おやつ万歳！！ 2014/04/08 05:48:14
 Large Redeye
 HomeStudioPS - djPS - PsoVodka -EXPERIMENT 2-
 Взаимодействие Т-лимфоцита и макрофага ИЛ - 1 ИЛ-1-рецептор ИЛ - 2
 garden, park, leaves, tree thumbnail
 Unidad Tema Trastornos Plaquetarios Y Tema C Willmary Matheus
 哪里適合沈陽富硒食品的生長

> [Work order] Copy out the records above without altering anything.

> [Answer for the task]
おやつ万歳！！ 2014/04/08 05:48:14
 Large Redeye
 HomeStudioPS - djPS - PsoVodka -EXPERIMENT 2-
 Взаимодействие Т-лимфоцита и макрофага ИЛ - 1 ИЛ-1-рецептор ИЛ - 2
 garden, park, leaves, tree thumbnail
 Unidad Tema Trastornos Plaquetarios Y Tema C Willmary Matheus
 哪里適合沈陽富硒食品的生長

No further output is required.